Joseph Kabila au coeur du jeu politique congolais

Après les élections présidentielles en République Démocratique du Congo (RDC), on s’oriente plus vers une cohabitation qu’une alternance. Une analyse de Loup Viallet, fondateur de « Questions africaines » http://questionsafricaines.wordpress.com/

Les élections présidentielles congolaises légalement prévues en 2016 viennent finalement d’avoir lieu en même temps que deux autres scrutins : les élections législatives et provinciales.  La RDC semble connaître la première transition politique pacifique de son histoire. Néanmoins elle n’est pas sans controverses et si Joseph Kabila quitte la présidence, il semble garder presque tous les pouvoirs.

  Après dix jours de coupure d’internet en RDC, l’annonce de la victoire de Félix Tshisekedi est intervenue en même temps mais beaucoup plus bruyamment que celle des coalitions pro-Kabila, données majoritaires à l’Assemblée nationale et dans les provinces. En RDC, les résultats ont été immédiatement contestés par le candidat de l’opposition Martin Fayulu, ainsi que par la Conférence Épiscopale du Congo. L’Union Africaine, la Communauté de l’Afrique australe (SADC), l’Union Européenne, l’ONU, les gouvernements français, belge et britannique ont d’abord émis des doutes sur l’élection, contrairement aux gouvernements russe, chinois et sud-africain, qui ont reconnu immédiatement le vainqueur. Puis, le rejet par la Cour Constitutionnelle du recours déposé par l’ancien candidat, ainsi que l’absence de mouvements massifs de contestation à Kinshasa et dans les provinces congolaises ont décrédibilisé ses mises en doute et ont rendu l’élection incontestable de l’extérieur.

  Que s’est-il passé entre le jour du scrutin et celui de la proclamation des résultats par la Commission Électorale Indépendante ? La situation peut apparaître contradictoire : Emmanuel Shadary, le dauphin officiel de Joseph Kabila, est arrivé troisième à une présidentielle qui a consacré le fils d’un opposant historique, tandis que la majorité présidentielle kabiliste est reconduite au Parlement et dans les provinces. Y-a-t-il eu un arrangement entre Kabila et Tshisekedi comme le suggère Fayulu ? Une manipulation électorale, comme l’avancent les évêques congolais ?

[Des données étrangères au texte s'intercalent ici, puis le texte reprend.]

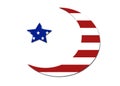 US flag moon star symbol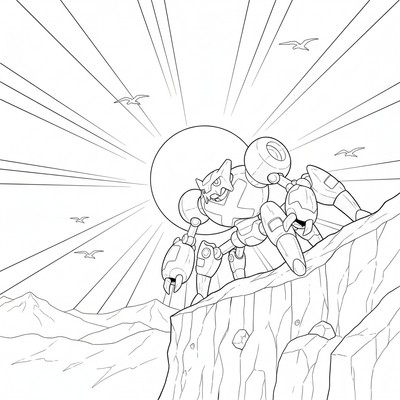 Metagross klättrar på en klippvägg i skymning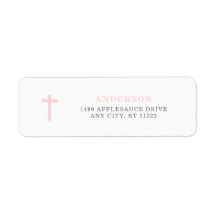 Adresse de retour de baptême croix rose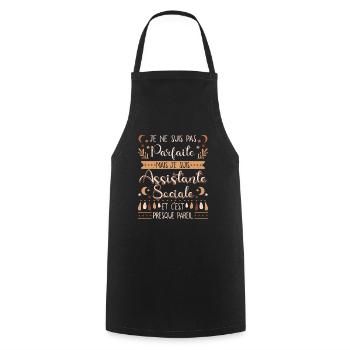 Assistante Sociale - Tablier de cuisine - noir - Devant - AI Model Male 185 dark (185cm)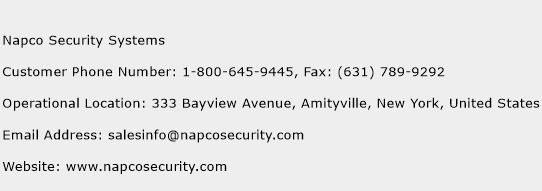 Napco Security Systems Phone Number Customer Service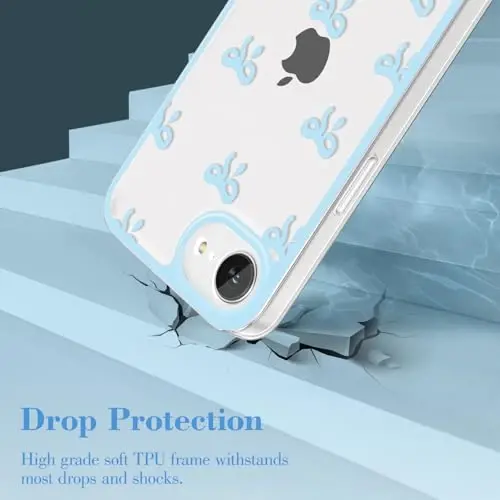 EYZUTAK Case for iPhone 16e, Clear Cute Ribbon Bowknot Pattern Aesthetic Transparent Phone Case Raised Camera Protection Stylish Slim Soft Durable TPU Protective Cover for Women Girls - Blue - 3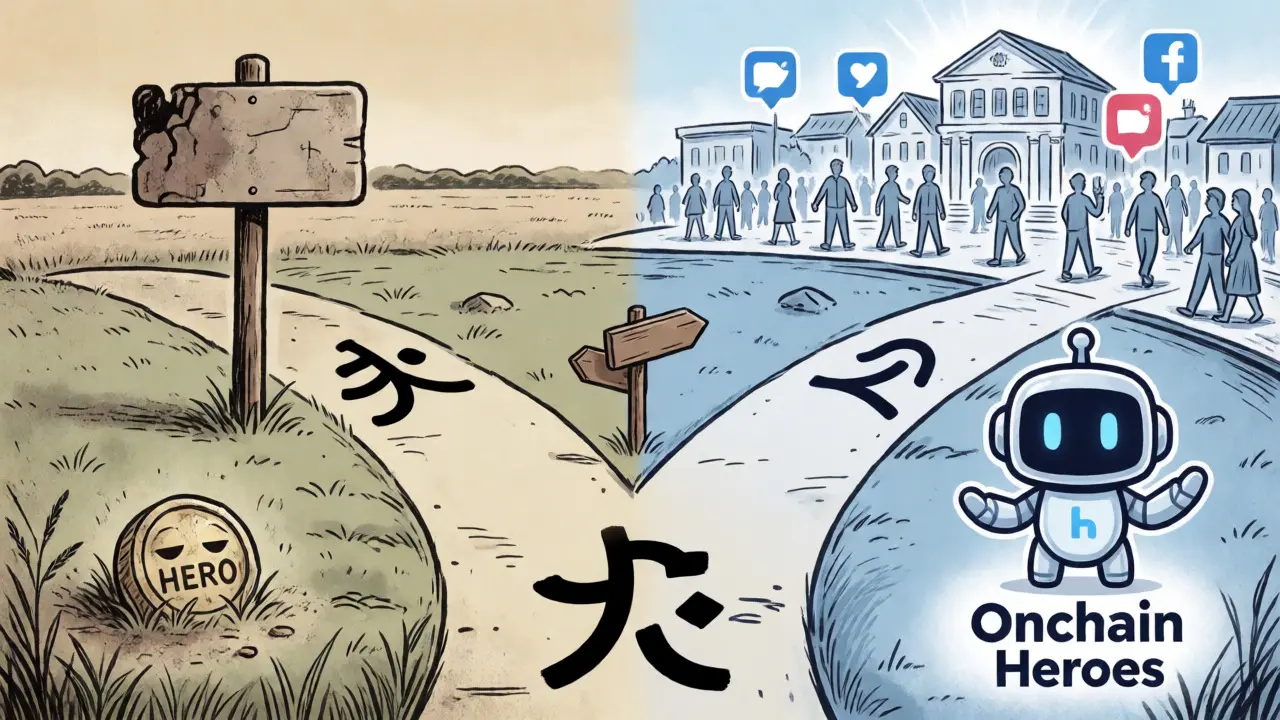 Cartoon split scene contrasting the dormant FarmHero path with the active Onchain Heroes path.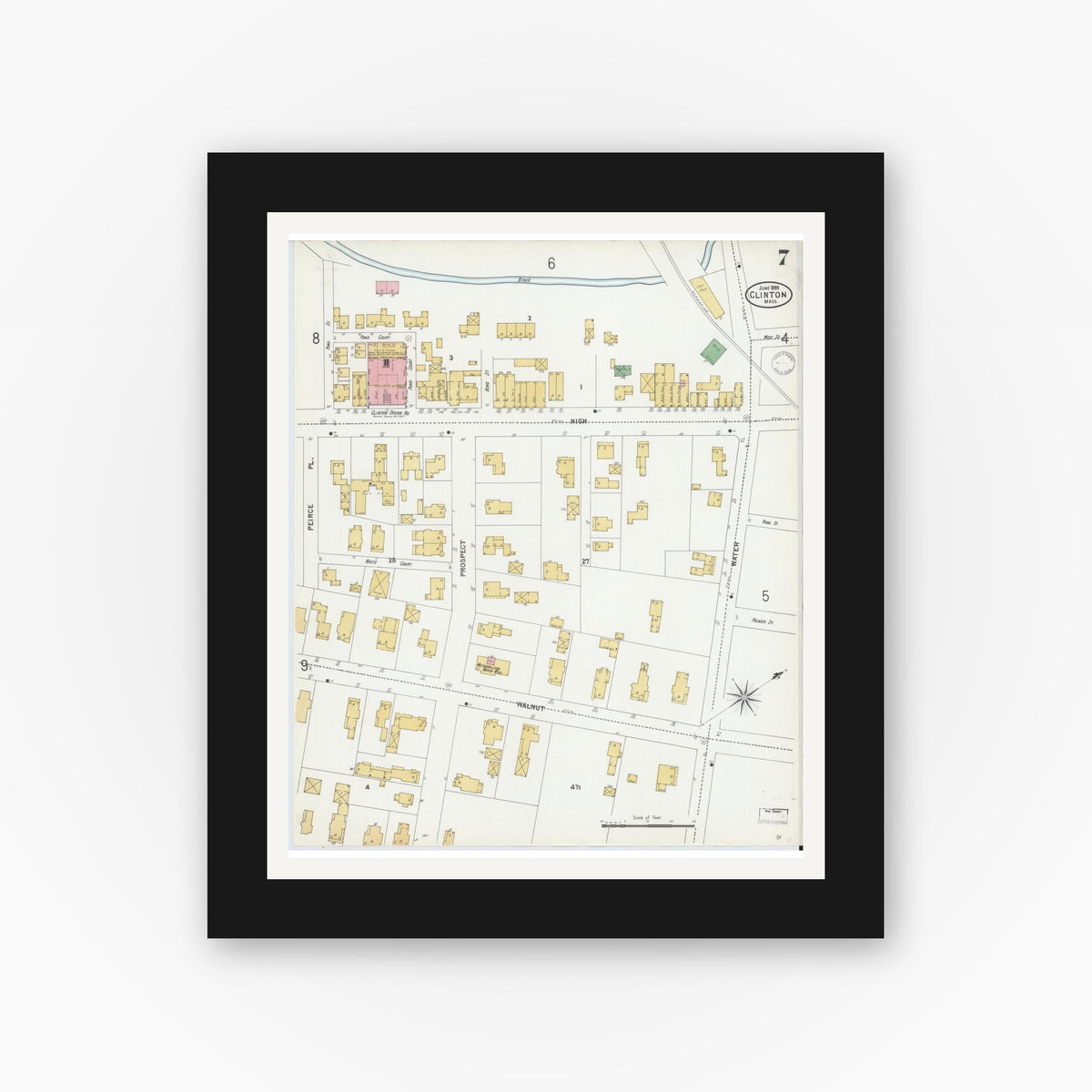 Old map wall art mockup — black gallery frame with white mat — Sanborn Fire Insurance Map from Clinton, Worcester County, Massachusetts (1899), Sheet #0007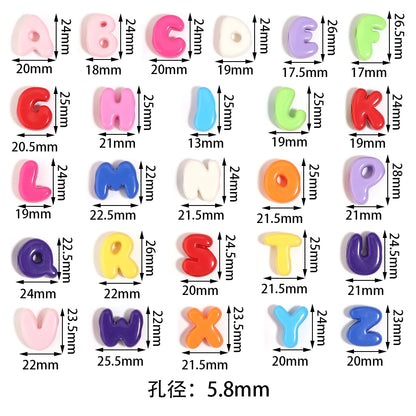 20-30pcs/lot Big Hole Cartoon English Letters Acrylic Beads Colored Loose Spacer Beads For Jewelry Making DIY Necklace Keychain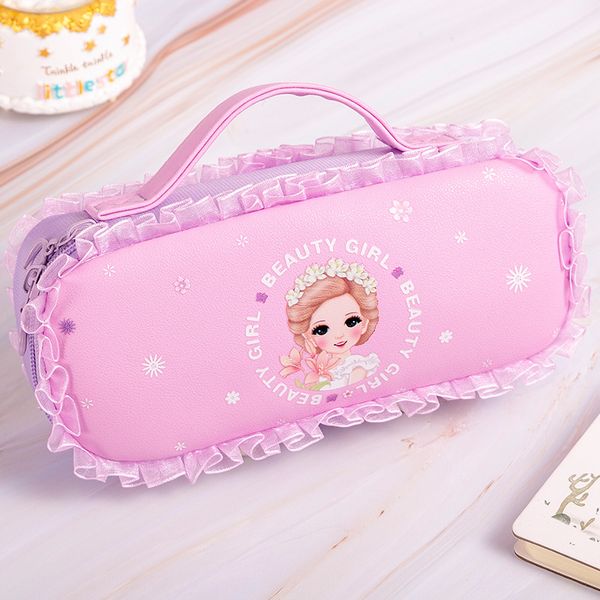 

high capacity cute lace creative pencil case portable cute net red pen box multi-function pencils cases back to school supplies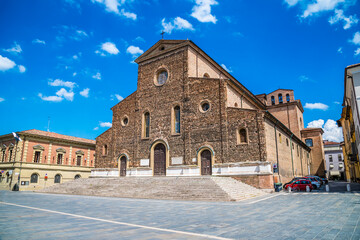 Wall Mural - A view across the cathedral in Popolo square in Faenza, Italy  in summertime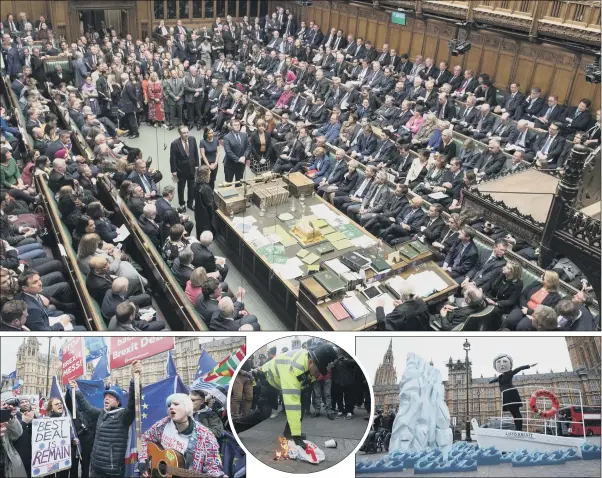  ?? PICTURES: UK PARLIAMENT/MARK DUFFY/PA ?? DECISIVE MOMENT: Top, the moment it was announced that Prime Minister Theresa May had lost the vote on her Brexit withdrawal plan in the largest Parliament­ary defeat of the democratic era; above, from left, pro and anti-Brexit demonstrat­ions took place outside, including an attempt to burn an EU flag by Brexiteers, centre, and a Titanic-style caricature of Theresa May heading for disaster.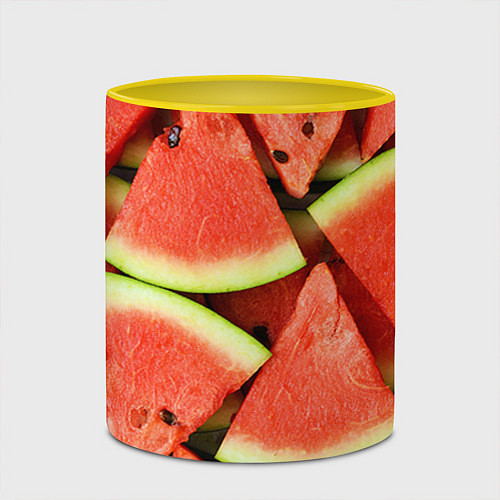 Кружка цветная Дольки арбуза / 3D-Белый + желтый – фото 2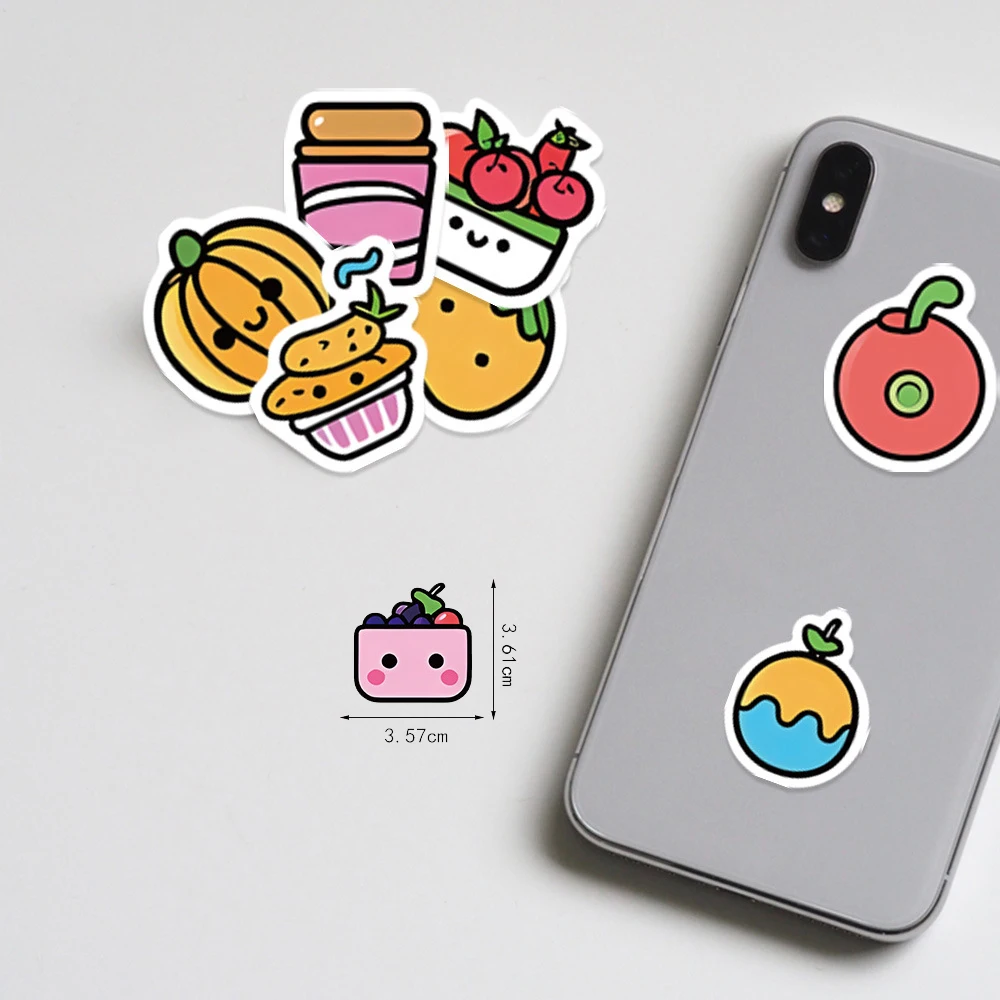 100Pcs Kawaii Mini Candy Ice Cream Food Cartoon Stickers DIY Bike Skateboard Fridge Guitar Laptop Luggage Funny Kid Sticker Gift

   Félix Tshisekedi est le nouveau président de la République Démocratique du Congo mais ses pouvoirs semblent déjà très limités par Joseph Kabila, qui reste au centre du jeu politique congolais. Dans ce régime parlementaro-présidentiel, le gouvernement sera issu de la majorité favorable à l’ancien président au Parlement. Le Premier ministre qui sera désigné ne conduira pas la politique pour laquelle Félix Tshisekedi s’est présenté, et pourra continuer à contrôler les nomination des têtes de l’appareil d’État la politique et contresigne les décrets présidentiels, les nominations. Dans ces conditions, Joseph Kabila, que ses partisans appellent « Le Rais », reste au centre du jeu politique congolais. Sénateur à vie après son départ de la Présidence, il pourrait réunir suffisamment de suffrages pour devenir Président du Sénat ou même se faire nommer Premier ministre, afin de reconquérir la première place à la prochaine présidentielle en 2023, dans une interprétation congolaise de la stratégie qui a permis de reconduire Vladimir Poutine à la présidence russe en 2012. La cohabitation des deux hommes au cœur du régime congolais sera-t-elle marquée par leur rivalité ou par leur coopération ?

D’ores et déjà, elle façonne un régime politique qui échappe à l’influence directe de l’ « Occident »  et qui semble correspondre aux intérêts géopolitiques des BRICS.